Brunello Cucinelli says he feels like the Roman emperor Hadrian: responsible for the beauty of the world.
And as he gazes out from his glass-walled office to the snow-flecked hills of central Italy, the luxury fashion magnate always spots something more he can do.
“It is like another emperor, Marcus Aurelius, said — live each day as if it was your last — but plan as if it was for eternity,” he tells AFP in an interview at Cucinelli headquarters in his native Umbria.
Now 63, Cucinelli has long been celebrated for combining enlightened employment practices with commercial success. He is the tycoon who bans his staff from working after 5:30pm and checking emails outside office hours.
“Why wouldn’t I?” he says. “We already work too much, we’re too connected. For all of history, man has been afflicted by a sickness of the soul, and in our permanently connected world this sickness has gotten worse.”
Lunch at Cucinelli’s airy factory is a 90-minute affair: long enough to pop home for a nap after a few courses in a company canteen serving up outstanding fare sourced from local farmers and on-site kitchen gardens.
Ask him why he went to the expense of fitting his factory with floor-to-ceiling windows and he cites the French philosopher Jean-Jacques Rousseau’s observation that proximity to creation drives creativity.
Cucinelli has poured millions into Solomeo, the lovingly renovated 13th-century hilltop village that is home to his empire. Work started with the medieval castle and, over three decades, he has added a theatre, a library and a school offering practical courses in art, gardening and tailoring.
But now, as he contemplates his remaining time, Cucinelli’s focus has switched to the town’s surroundings.
“Particularly in Italy, but it is also true for much of Europe, the historic centres of our towns have generally been well looked after and restored,” he tells AFP.
“But things have not gone so well in our peripheral areas and yet that is where 70 per cent of human beings live. We have to make them liveable spaces linked to the historic centres.”
The project has involved renovating or demolishing abandoned industrial buildings to create new production facilities for Cucinelli’s own workforce alongside two other parks — one providing six hectares of playing and sporting space for children, the other a 70-hectare park producing everything from apricots and broccoli to wheat.
“When we started the renovation of Solomeo in 1985 I was inspired by something that Rousseau said about needing to withdraw from the cities, go back to our villages and rethink the future of humanity,” he said.

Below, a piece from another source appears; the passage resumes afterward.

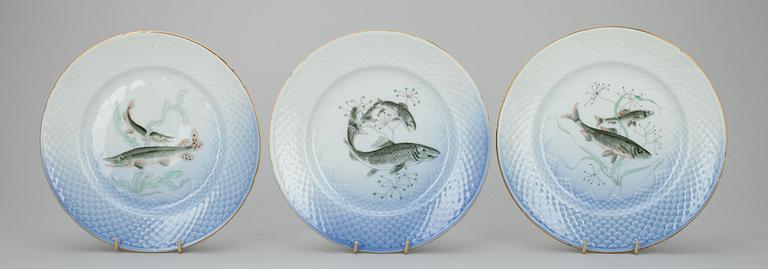 FISKTALLRIKAR 7 st, porslin,  Bing & Gröndahl, Danmark 1900-talets slut.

“In this little ‘borgo’ there is silence, there is culture, spirituality. Loneliness cannot take over and I think that is something very important at this moment in history.”
Similar themes run through Cucinelli’s musings on work and how to run a company that is on track to shift 450 million euros ($470 million) worth of eye-wateringly expensive clothes and accessories this year.
Cucinelli imports his key raw material, cashmere, from China and Mongolia. But unlike many of his rivals he has kept all his manufacturing operation in Italy.
Shareholders may grumble about the 20 per cent premium over industry norms that the Solomeo workers receive. But they knew what they were buying into when the company was floated in 2012.
The company’s ethics and clearly identifiable roots in the Italian countryside are important elements of a brand that has quadrupled in size in a decade and has yet to disappoint investors.
Its leader says he is not challenging the bottom-line tenets of capitalism: simply trying to give them a more human face, something he says has becoming more pressing in light of the widespread disaffection among Western workforces that has been linked to the rise of Donald Trump and Brexit.
“It is exactly right to say that many people feel forgotten,” Cucinelli says.
“The internet has redrawn the map of the world of work. Italy, and Europe as a whole, can no longer compete at the lower level and this has created some unemployment. But the essential problem is one of dignity.
“We cannot have companies that earn incredible amounts and our workers earning tiny sums to work 12 hours a day staring at a wall under an electric lamp. We have to put dignity back at the heart of our economic activity.”
It is a vision, he says, that was born of witnessing his father’s struggle to survive, as a tenant farmer and later as a factory worker.
“It is something that has always stayed with me, a bit painfully,” he admits, insisting that he will take the time to enjoy the fruits of a business he built from scratch.
“Already there are some areas of the company where my role is that of a senior adviser, and I like that idea. I got it from an abbot friend who told me he was going to retire and leave the abbey to the young monks.
“The average age of our employees is 37, 40 for the managers. The fourth age is a time of wisdom but also of looking for spirituality and taking stock of what happens next.